YALNIZLIK OKULU dedi ki...

nereye gide blirsin ki geçmişinde senle gierken :(((

özgemor dedi ki...

fotoğraf güzel, ufuk çizgisi yamuk çıkmayaymış. sana mı ait? vapur çok mu sallanıyodu?
bir de kendi kurallarınla kaybetmek lafının geçtiği cümle de günüme damga vurdu. püf.

özgemor dedi ki...

önceki yazında gerçi o laf. neyse. ikinci püf.

anselmo dedi ki...

sabahın köründe avşa'dan çıkıp erdek'e doğru yol alırken geminin kıç tarafından. ortadaki ada avşa.

hayır, sallanmıyordu. ya da evet ama herhangi bir gemi nasıl sallanıyorsa o kadar. belki püfür püfür;)

Adsız dedi ki...

Forrest gump amerikan rüyasını amerikan kaderi haline getiren külttü bence :)

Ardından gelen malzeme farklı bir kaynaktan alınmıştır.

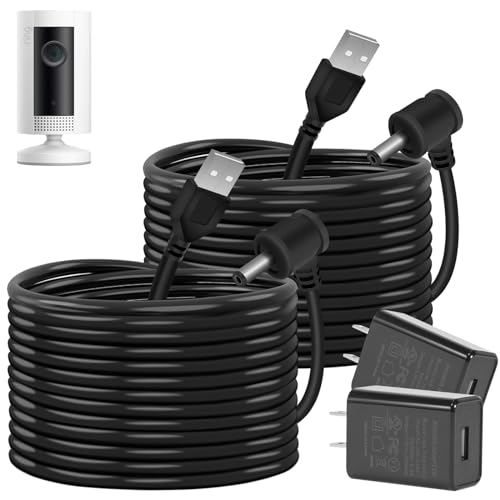 Charge Cords 30ft for Ring Weatherproof Indoor Outdoor Charging Cable with Quick 2Amp Power Adapter for Ring Stick Up Cam Battery 3rd Gen/2nd Gen & Spotlight Cam Battery (Black,2 Pack) - color: Black-For Ring, size: 2 Pack(30FT)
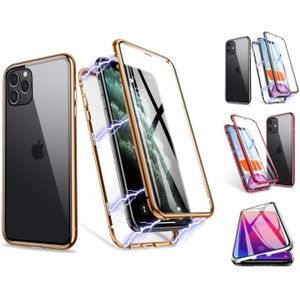 iPhone 13 Pro Max 360° Magnetisch Hoesje Dubbelzijdig Glas - Zilver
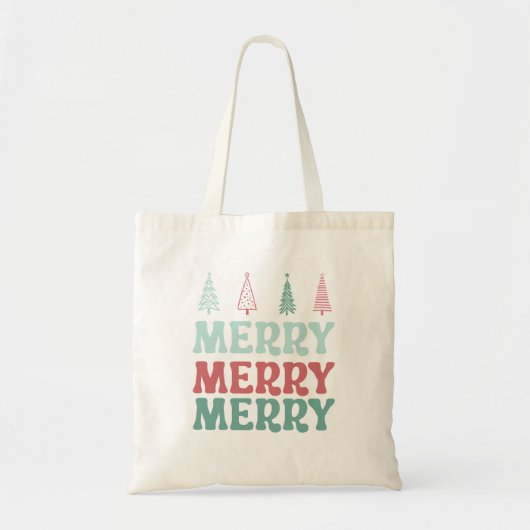 Merry Merry Merry with Pastel Boho Christmas Trees Tote Bag (Voorkant)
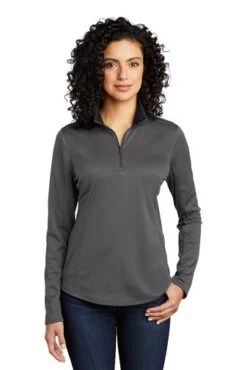 Port Authority Shirts: Women's LK584 SGBK Steel Grey Black Silk Touch Performance 1/4-Zip Shirt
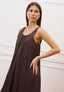 Vestito lungo con scollo retro in mussola - MARRONE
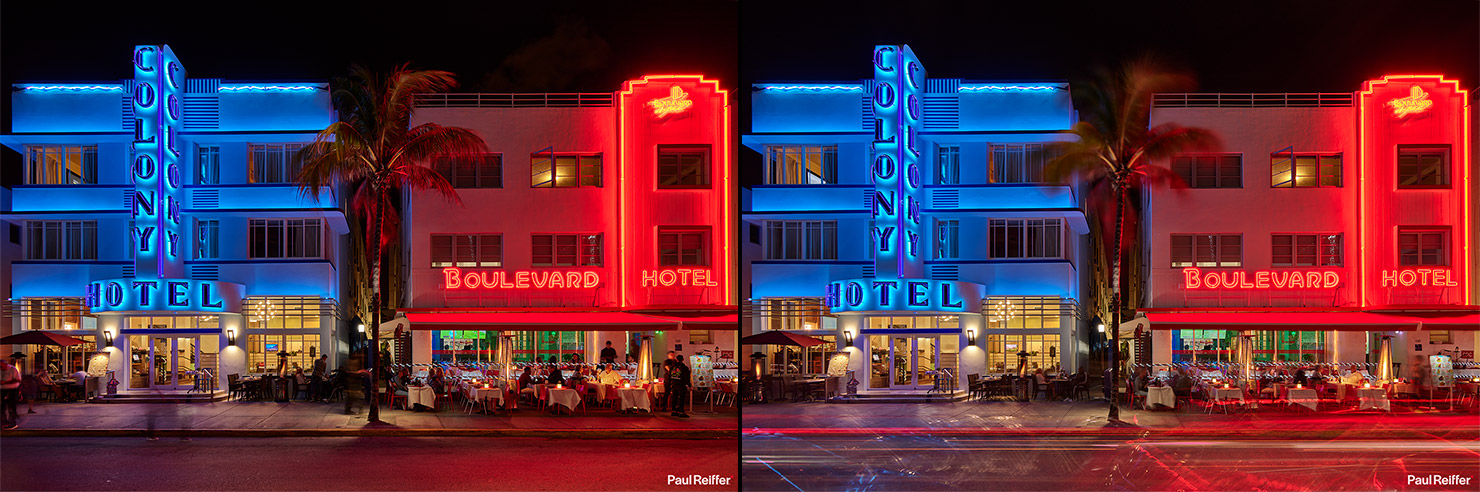 Colony Hotel Compare Comparison Dual Exposure Frame Averaging Standard Single Phase One Paul Reiffer Medium Format Photographer Miami South Beach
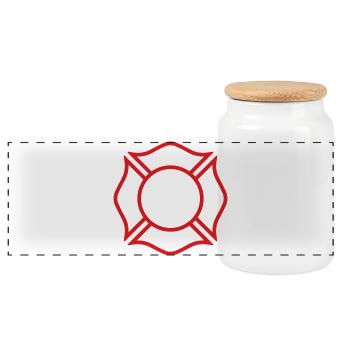 Feuerwehrmann-Malteser Kreuzlinienabzeichen Sicherheitssymbol - Panorama Keksdose mit Holzdeckel - Weiß - Vorne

Doğuda akıntıya kapılmış kuru yaprak formu filmde oraya buraya uçuşup duran tüy olarak kendini gösteriyor hatta yani öyle benzeştirmeyi seviyorum belki :P

Kaçmak meselesine gelince asıl istediğin bacağındaki demirden yükleri atmak olmasın ;)

.o.zlem dedi ki...

gelecekte öngördügümüzü sandigimiz sonlar, tecrübelerden ibaret gibi. kacsak da, kesin bir kösede yine karsilasiyoruz/bulusuyoruz, bir gün korkarak bekledigimiz oluyor gelecek denen. ani bir (otobus) yolculuk, dönünce o yola baska giristen katilmak gibi. nerede durdugunun önemi oldugu anda her sey degisebilir. -iste bu da forest gump kismi-

bir zamanlar forest gump'i seven özlem cok konustu.